PCR反応液の作り方を説明します。反応液は、増幅するDNAサンプル、プライマー、DNAポリメラーゼ、合成するDNAの素材である遊離ヌクレオチド（dNTP＝デオキシ・ヌクレオチド三リン酸）、Mg2+（2ｍMのMgCl）を含むバッファー溶液（pH7.5～9.5）を混合して作製します。DNAポリメラーゼには高温で動作するTaqポリメラーゼを使います。Taqポリメラーゼはサーマスアクアティカス（Thermus-aquaticus）という好熱菌由来の酵素です。

プライマーは標的DNAの一部に対して相補的な塩基配列を持つ短い一本鎖DNAです。PCRの目的は、ターゲットDNA鎖全体の複製ではなく、対象となる生命体に特有な約100～35,000塩基対のターゲット配列を複製することです。プライマーはこのターゲット配列の両端を定義する役割を持っています。

一般的に、プライマーは20～30塩基の長さからなる1本鎖の合成DNAです。塩基は4種類あるので、16mer（monomeric unit）（16塩基の長さ）のプライマ－の種類は40億（＝4¹⁶＝4・2³⁰）にもなります。例えばランダムな30億塩基対（ヒトゲノム）のDNAに16merの長さのプライマと同じ配列は1か所にしかないと考えられます。

DNA合成は常にプライマーの3’末端から始まり、1本鎖DNAテンプレートの5’から3’方向へのみ伸長していきます。順方向プライマーと逆方向プライマーを開始点とし、相補的な2本鎖のDNA分子が効率よく合成されます。

PCRサイクルを説明します。PCRは3ステップを1サイクルとして数十回繰り返して、必要な量まで増幅します。第1ステップでは、反応液を94°Cに加熱し、30秒～1分間温度を保ち、2本鎖DNAを変性（Denaturation）させ1本鎖に分かれさせます。塩基間の結合は水素結合であり93℃程度で壊れます。変性が起こる温度は、DNAの塩基構成および長さ（塩基数）によって異なり、一般に長いDNAほど変性温度を高くする必要があります。

第2ステップでは、60℃にまで急速冷却し、1本鎖DNAとそれに結合する短い一本鎖DNAであるプライマーを結合（Annealing）させます。二本鎖DNAの50％が解離して一本鎖となる温度はTm値（melting temperature）と呼ばれています。Tm値は塩基配列の構成と塩基数および反応液の塩濃度などにより決まります。プライマーのTm値の計算には、「Nearest Neighbor法」を用いた計算ソフトがあります。
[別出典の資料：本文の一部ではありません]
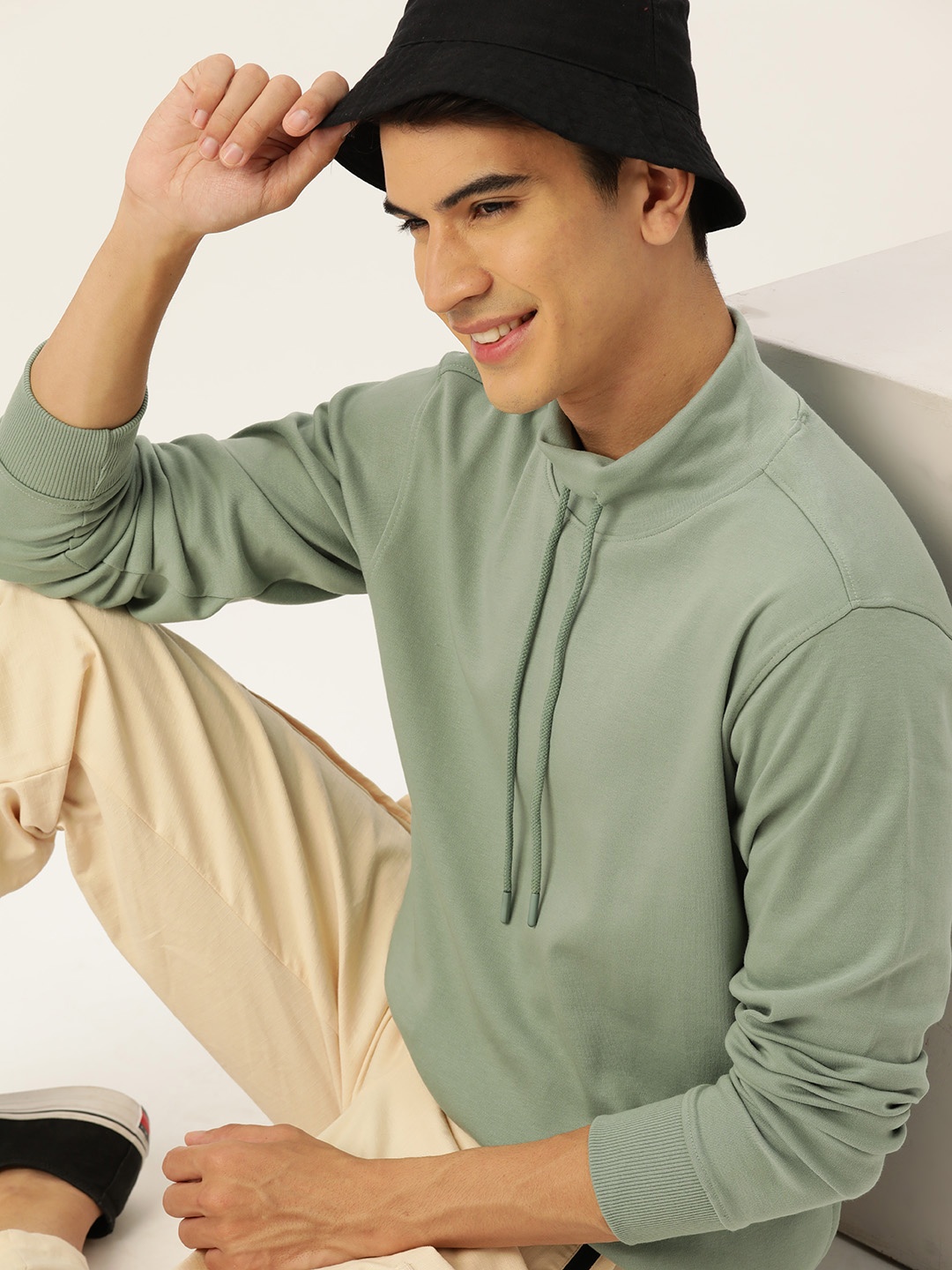 

Mast & Harbour Men Hooded Sweatshirt, Green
アニーリング温度はプライマーのTm値（65℃）以下に設定します。アニーリング温度がプライマーのTm値以上だとプライマ－が1本鎖DNAに結合しません。アニーリング温度が低すぎると、プライマ－同志が結合してしまいます。プライマーは凍結融解を繰り返すと分解する恐れもあるので、10回程度で使い切るくらいの量に小分けして-20℃で保存します。

第3ステップでは、再び72°Cに加熱して、1〜2分保ちます。酵素は1分間に2～4kbを合成するので、標的配列の鎖長が1kb以下の場合は1分間で充分です。この時2つの1本鎖DNAに結合したプライマ－の隣に反応液中の塩基が次々に結合して伸長（Elongation、Extension）し、2つの2本鎖DNAが得られます。72°Cは、プライマーの分離がおきず、DNAポリメラーゼの活性に至適な温度です。わずか20サイクルのPCRにより、ターゲットのおよそ100万（2²⁰）コピーが合成されることになります。通常25～40サイクル行います。

サーマルサイクラーは、サーマルブロックと呼ばれる金属板でプログラム通りに反応チューブを急速に加熱・冷却する機能を持ちます。金属板にはヒーターやペルチェ素子などがついており的確に反応液の温度を上下させます。

PCRでDNAを増幅していくと、いずれPCRの基質（dNTP）やプライマーの枯渇などにより、温度サイクルを増やしてもDNAが増えなくなります（プラトー現象）。そのため初期のDNA濃度に数倍の差があったとしても、数十回のPCRサイクル後には増幅産物の量に差が見られなくなるため、初期DNA量の定量を行うことはできません。